Pain

The past six-month period has been one of the worst for us that I can recall in years in terms of the number of friends who have suffered, some of whom have died. All this suffering that I’ve witnessed has brought home to me a tremendous short-coming in our modern medical system or structure. It’s simple enough. In prolonging life, especially in treating some forms of cancer, in saving wounded soldiers and victims of accidents who surely would have died in earlier times, in fact as recently as a decade or two ago, we have created a massive problem and source of suffering – a huge increase in people suffering agonizing pain.

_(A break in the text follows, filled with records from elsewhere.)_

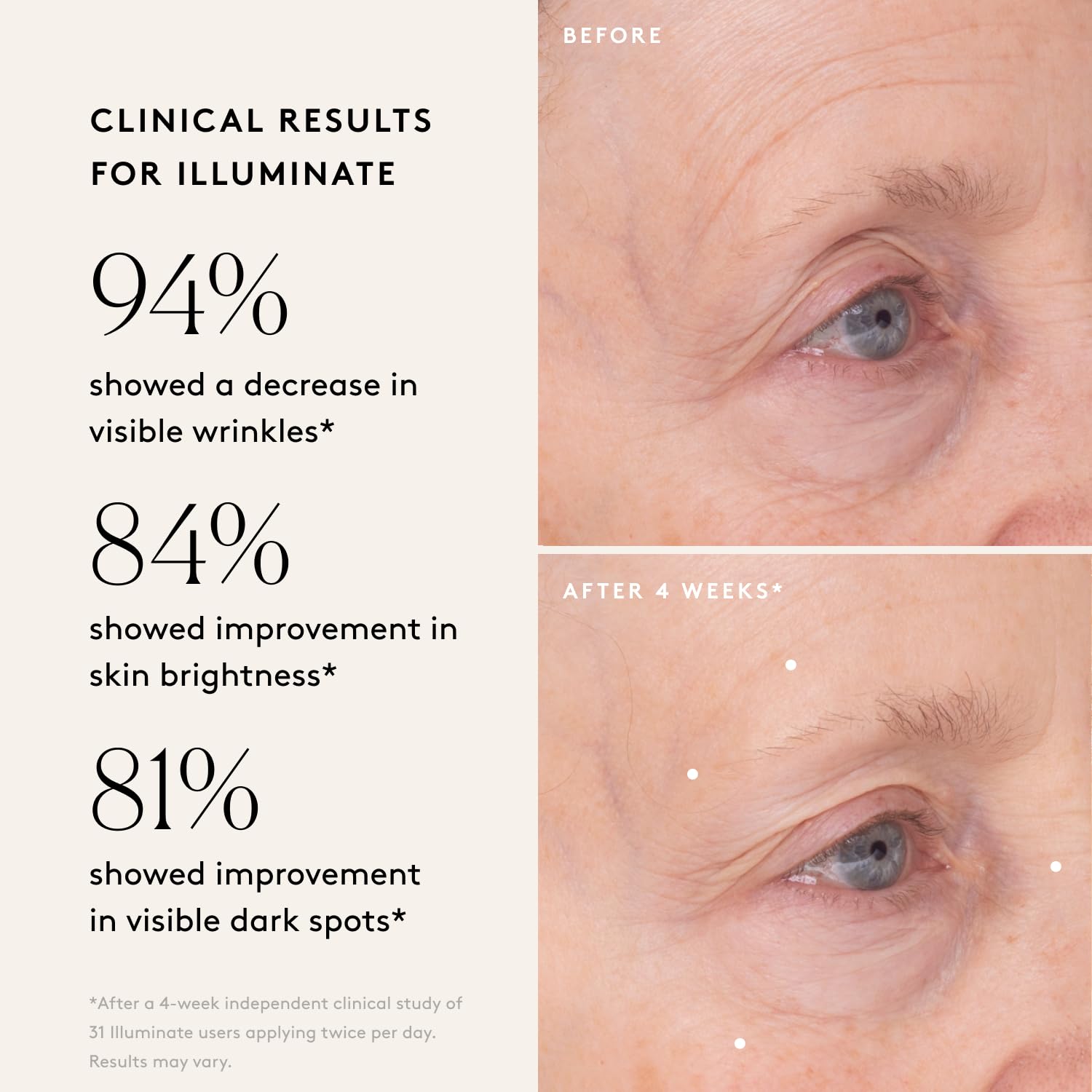 Naked & Thriving Wrinkle - Fighter Set, Includes Renew Resurfacing Night Serum (30 mL) & Illuminate C+ Serum (30 mL), Clinical Results, Dermatologist Loved, Hylauronic Acid & Bakuchiol (Set of 2) - SkinNails&Makeup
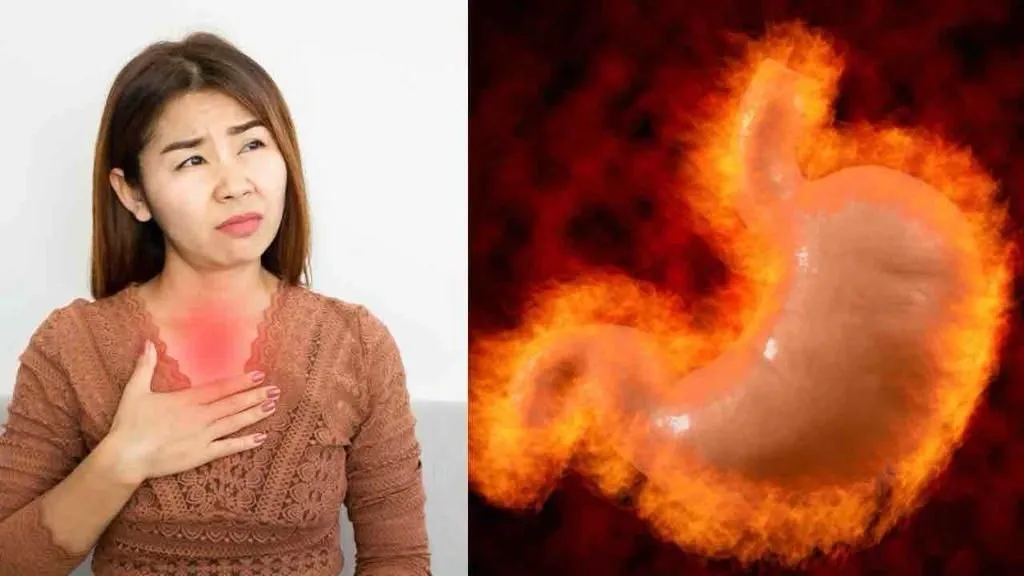 Acid Reflux in Women: Don't let the burn get to you!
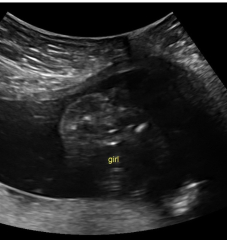 Ladies who have had a gender scan around 16 weeks 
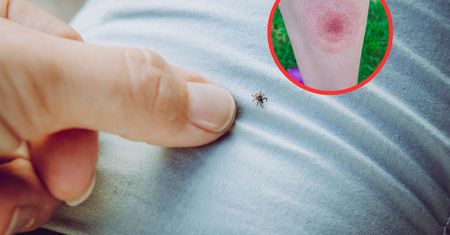 Kleszcze wywołują boreliozę. By się ochronić, koniecznie zrób to po spacerze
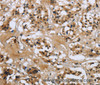 Immunohistochemistry of paraffin-embedded Human thyroid cancer tissue using LGALS7 Polyclonal Antibody at dilution 1:50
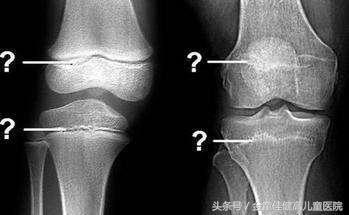 爸爸妈妈都不高,孩子能突破遗传魔咒吗?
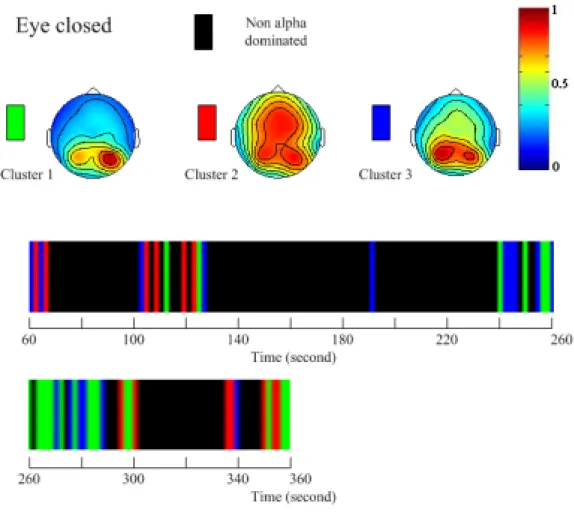 Figure 6    Results of interpretation and classification of EEG brain mappings for a control subject in the  pre-session background recording (before main session of relaxation)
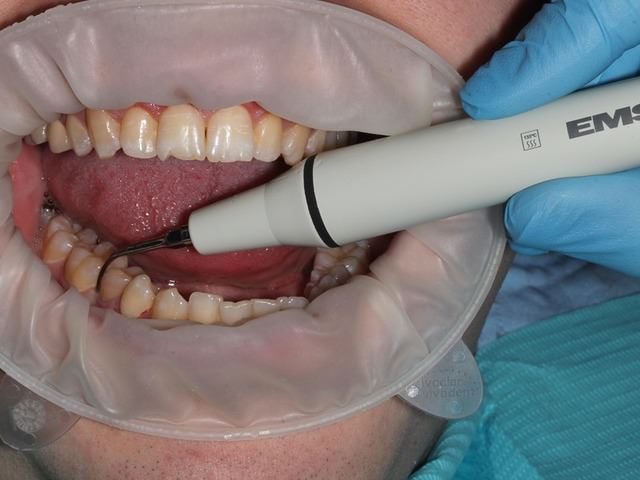 Обработка зубов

So many forms of medical treatment can now keep people alive, but at the cost of continual pain. According to the National Institutes of Health, 17% of all Americans suffer severe pain intermittently, and 65% of those – 11% of the U.S. population – suffer daily, chronic, and severe pain. Yet while we have relatively effective forms of pain control for mild pain, the only substances currently effective for severe pain are opioid-based, and the problem with these is that with continued use, they become both addictive and less and less effective. So those in pain take more and more, and often mix those painkillers with alcohol, just so they can dull the pain and sleep, which is another reason why there are so many deaths as the result of combining alcohol and painkillers.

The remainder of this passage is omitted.